Genomic analysis of Metallothionein expression in breast carcinogenesis

Abstract

Breast cancer is a disease that has plagued many women globally. As the level of awareness for this mammary gland disorder is raised globally, more women are stepping forward to go for routine mammogram screening, implying a foreseeable surge in the number of breast cancer cases detected. Although the outcome need not be fatal, the physical, psychological and financial impacts inflicted extend beyond the patient. While advances in treatment are evolving at a rapid pace, mortality remains high. The rapid rise in incidence rate has prompted the rigorous search to understand its etiology and find better management strategies for this dreaded disease. Biomedical research has pointed towards a genetic origin in carcinogenesis, leading to a surge in experimental effort to uncover oncogenes responsible for this life threatening disease.

Metallothioneins (MTs) belong to a superfamily of metal-binding proteins. In human, four classes of MTs are represented by 10 function isoforms, viz. MT-1A, 1B, 1E, 1F, 1G, 1H, 1X, 2A, 3 and 4. Averaging 7 kDa in size, a single mammalian polypeptide is capable of binding 7 divalent cations through the 20 cysteine residues present and forming thiolate clusters. Inherently, MT binds to trace elements such as zinc and copper, as well as, cadmium and mercury toxic heavy metals. Dysregulation of MT has been associated with many diseases, including neurological disorders, cardiopathy, liver diseases and cancers. Previously, MT over-expression has been reported in many cases of breast cancers and the MT-2A gene, the most abundantly expressed isoform, has been implicated in tumourigenesis of the mammary glands. However, there is a paucity of information on the pathways regulated by this MT isoform in breast cancer. In this study, expression level of MT has been successfully silenced and up-regulated in MCF-7 breast cancer cells through RNA interference and stable transfected cell models respectively. These in vitro models demonstrated that over-expressing MT enhanced proliferative and migratory/invasive potentials of breast cancer cells, promoting a more aggressive phenotype. On the other hand, silencing the MT-2A isoform also induced a subset of MCF-7 cells to undergo entosis, manifesting a cell-within-cell feature. Internalized cells often underwent lysosomal degradation, supporting the notion that MT plays important role in the regulation of cell growth in breast cancers.

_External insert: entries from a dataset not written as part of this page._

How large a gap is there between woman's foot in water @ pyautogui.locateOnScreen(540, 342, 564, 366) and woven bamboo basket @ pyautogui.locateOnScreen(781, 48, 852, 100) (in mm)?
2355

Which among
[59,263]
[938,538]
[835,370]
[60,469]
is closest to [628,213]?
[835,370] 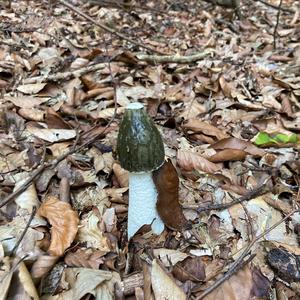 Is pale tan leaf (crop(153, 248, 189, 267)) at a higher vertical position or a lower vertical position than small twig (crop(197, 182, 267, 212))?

Through genomic analysis, candidate genes associated with MT manipulated expression were identified and the involvement of follistatin (FST), one of the candidate genes, was explored. Transwell and matrigel assays confirmed that MCF-7 cell displayed increased migratory and invasive capabilities after FST silencing. Along with other MT-associated genes, namely KLK12, BCAT1, CXCL12, MEK5, MAOB, BCHE and COL3A1, these results previewed plausible interactions between MTs and their molecular partners that could impact tumour development in luminal epithelial cells.

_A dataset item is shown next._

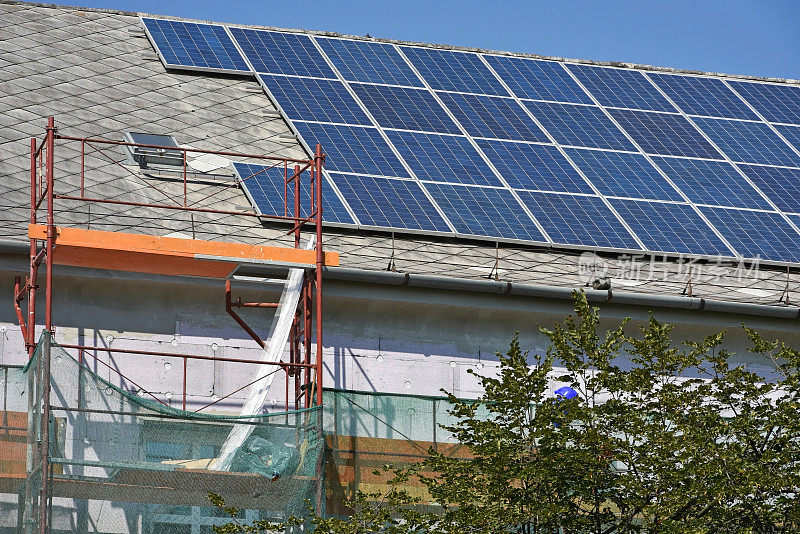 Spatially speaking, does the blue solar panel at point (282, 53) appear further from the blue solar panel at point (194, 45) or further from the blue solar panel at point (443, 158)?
the blue solar panel at point (443, 158)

Moreover, evaluation conducted on clinical samples confirmed high levels of MT-2A transcript observed in invasive ductal carcinoma correlated with the percentage of tumourigenic cells within the lesion and cancer staging. Furthermore, increased MT immuno-expression was separately found to be positively associated with histological grade and lymph node metastasis in tissue samples from female patients diagnosed with invasive ductal carcinoma. These results corroborate some of the in vitro findings and could substantiate the potential of MT to be a biomarker of tumour development and prognosis in breast cancer.